Intertextuality-True Story!

Datarock, a lovably geeky Norwegian electro duo, have an album out later this year. And apparently, they really, really, REALLY have musician crushes on the Talking Heads. Evidence for this? Their new song "True Stories".

Background (in case you somehow managed to never hear of the Talking Heads):


The Talking Heads' cannon of work has influenced pretty much any band calling themselves Alternative or Indie since the early '90s. For instance, we can blame the band Radiohead on the Talking Heads, as that band got their name from a Talking Heads song. In 1986 the Talking Heads did a movie,
True Stories, which still has a devoted following over 20 years later. And apparently Datarock are amongst its fans, and fans of the band. Listen to this new Datarock track:

(Thanks to Nashville Nights) Datarock-
True Stories

Yes, you heard right. The lyrics to the song are literally pieced together titles of Talking Heads songs. The following Talking Heads songs are introduced, in this order:


Born Under Punches
Crosseyed and Painless
Slippery People

I'm Not in Love

Houses in Motion

Road to Nowhere

Once in a Lifetime

Psychokiller

Radiohead

Television

Seen and Not Seen

This Must Be the Place

Don't Worry 'Bout the Government

The Democratic Circus


What we have here is hilarious and, depending on your views about appropriation of other artists' materials, either plagiarism or a sincerely flattering tribute. When things straddle the gray area between plagiarism and tribute, they can be described in literary/linguistic terms as a case of intertextuality. The basic definition for intertextuality, as
Wikipedia
notes, is "the shaping of texts' meanings by other texts. It can refer to an author’s borrowing and transformation of a prior text or to a reader’s referencing of one text in reading another."
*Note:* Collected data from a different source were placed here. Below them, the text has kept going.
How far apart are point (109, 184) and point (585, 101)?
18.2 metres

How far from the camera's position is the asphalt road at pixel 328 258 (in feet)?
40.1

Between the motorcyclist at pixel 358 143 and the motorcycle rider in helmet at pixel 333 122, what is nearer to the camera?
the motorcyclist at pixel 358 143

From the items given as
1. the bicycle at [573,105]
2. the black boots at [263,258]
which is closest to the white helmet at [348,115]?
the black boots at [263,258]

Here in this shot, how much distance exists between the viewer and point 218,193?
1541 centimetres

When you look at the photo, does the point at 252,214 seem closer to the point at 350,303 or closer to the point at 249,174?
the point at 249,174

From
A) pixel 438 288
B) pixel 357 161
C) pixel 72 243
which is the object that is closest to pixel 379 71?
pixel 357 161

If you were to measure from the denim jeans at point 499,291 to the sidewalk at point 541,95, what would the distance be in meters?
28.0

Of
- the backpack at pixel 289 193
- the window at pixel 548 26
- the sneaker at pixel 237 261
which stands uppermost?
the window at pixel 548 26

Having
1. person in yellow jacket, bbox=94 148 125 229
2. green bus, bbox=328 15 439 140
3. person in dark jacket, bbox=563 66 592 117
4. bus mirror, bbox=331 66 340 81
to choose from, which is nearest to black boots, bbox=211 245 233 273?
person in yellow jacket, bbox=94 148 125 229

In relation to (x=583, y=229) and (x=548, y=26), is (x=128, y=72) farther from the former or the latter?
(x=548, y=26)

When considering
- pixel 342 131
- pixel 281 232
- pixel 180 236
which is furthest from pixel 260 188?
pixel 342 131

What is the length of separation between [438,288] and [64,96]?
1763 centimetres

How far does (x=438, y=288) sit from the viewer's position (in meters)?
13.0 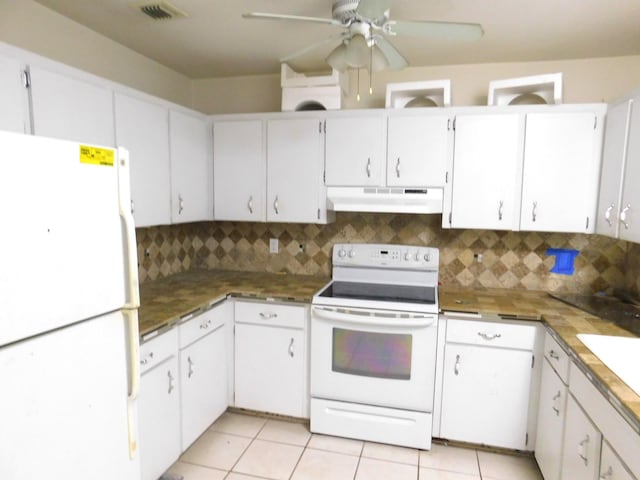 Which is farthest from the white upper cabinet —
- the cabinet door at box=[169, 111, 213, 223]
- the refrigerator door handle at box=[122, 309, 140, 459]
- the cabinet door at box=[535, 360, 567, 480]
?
the cabinet door at box=[169, 111, 213, 223]

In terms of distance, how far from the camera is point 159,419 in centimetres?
202

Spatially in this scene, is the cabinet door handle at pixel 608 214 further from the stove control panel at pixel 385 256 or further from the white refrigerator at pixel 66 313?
the white refrigerator at pixel 66 313

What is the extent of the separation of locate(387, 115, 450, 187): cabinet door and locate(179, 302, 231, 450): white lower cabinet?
57.3 inches

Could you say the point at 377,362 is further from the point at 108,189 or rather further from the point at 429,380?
the point at 108,189

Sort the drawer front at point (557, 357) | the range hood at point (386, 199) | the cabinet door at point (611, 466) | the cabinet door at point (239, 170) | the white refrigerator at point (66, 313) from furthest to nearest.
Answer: the cabinet door at point (239, 170) < the range hood at point (386, 199) < the drawer front at point (557, 357) < the cabinet door at point (611, 466) < the white refrigerator at point (66, 313)

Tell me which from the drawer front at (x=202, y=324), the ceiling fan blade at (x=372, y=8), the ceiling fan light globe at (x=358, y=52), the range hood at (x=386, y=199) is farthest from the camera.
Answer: the range hood at (x=386, y=199)

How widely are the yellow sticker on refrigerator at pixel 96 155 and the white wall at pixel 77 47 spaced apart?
1197 millimetres

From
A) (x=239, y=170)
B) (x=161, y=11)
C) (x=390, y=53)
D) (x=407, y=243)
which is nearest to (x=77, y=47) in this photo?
(x=161, y=11)

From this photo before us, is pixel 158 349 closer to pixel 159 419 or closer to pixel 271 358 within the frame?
pixel 159 419

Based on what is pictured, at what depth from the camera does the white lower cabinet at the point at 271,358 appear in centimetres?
262

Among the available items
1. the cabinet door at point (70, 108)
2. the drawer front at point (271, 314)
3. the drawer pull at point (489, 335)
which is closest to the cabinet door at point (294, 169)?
the drawer front at point (271, 314)

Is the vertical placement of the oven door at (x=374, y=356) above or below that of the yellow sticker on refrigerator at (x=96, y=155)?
below

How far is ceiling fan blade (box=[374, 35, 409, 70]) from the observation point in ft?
5.59

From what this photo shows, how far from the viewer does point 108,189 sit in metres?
1.36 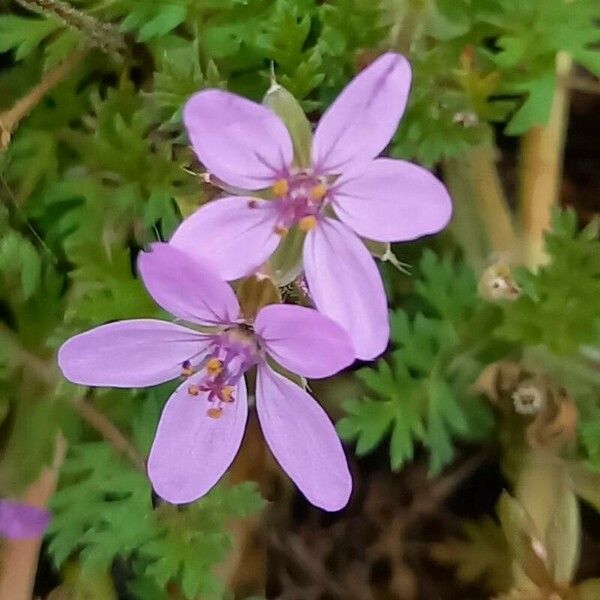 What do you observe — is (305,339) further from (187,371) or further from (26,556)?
(26,556)

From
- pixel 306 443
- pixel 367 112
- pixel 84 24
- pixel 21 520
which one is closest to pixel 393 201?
pixel 367 112

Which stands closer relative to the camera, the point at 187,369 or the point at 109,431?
the point at 187,369

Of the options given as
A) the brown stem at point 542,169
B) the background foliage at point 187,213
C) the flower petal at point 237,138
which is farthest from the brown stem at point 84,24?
the brown stem at point 542,169

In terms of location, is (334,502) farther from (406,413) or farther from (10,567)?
(10,567)

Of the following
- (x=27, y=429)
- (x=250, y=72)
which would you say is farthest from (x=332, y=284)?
(x=27, y=429)

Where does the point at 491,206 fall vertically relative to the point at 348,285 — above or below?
below
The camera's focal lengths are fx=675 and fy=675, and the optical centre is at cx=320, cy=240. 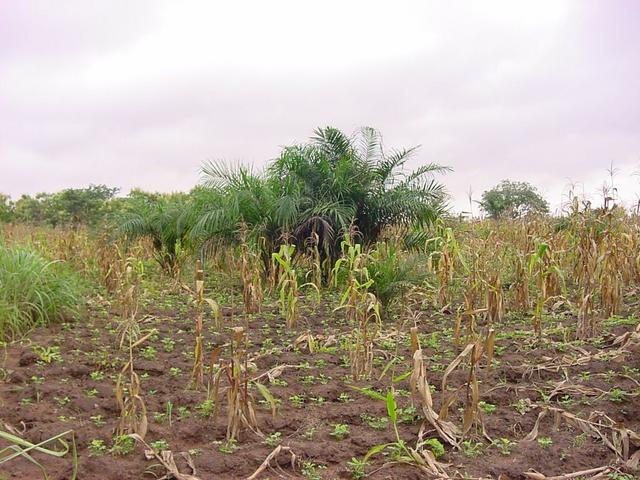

This term hearkens back to Ferdinand de Saussure's idea of semiotics and how symbols gain meaning as well as to Bakhtin, who in discoirse analysis was important for his work on interdiscursivity. Bakhtin coined the term "dialogism" to refer to the multiple meanings within a text. Song lyrics are the perfect medium for Bakhtinian analysis, as they are typically rife with such layered meanings.

The Bottom Line:
As incredibly cheesy and trite as this Datarock song may seem on the surface, it is quite deep in terms of intertextuality.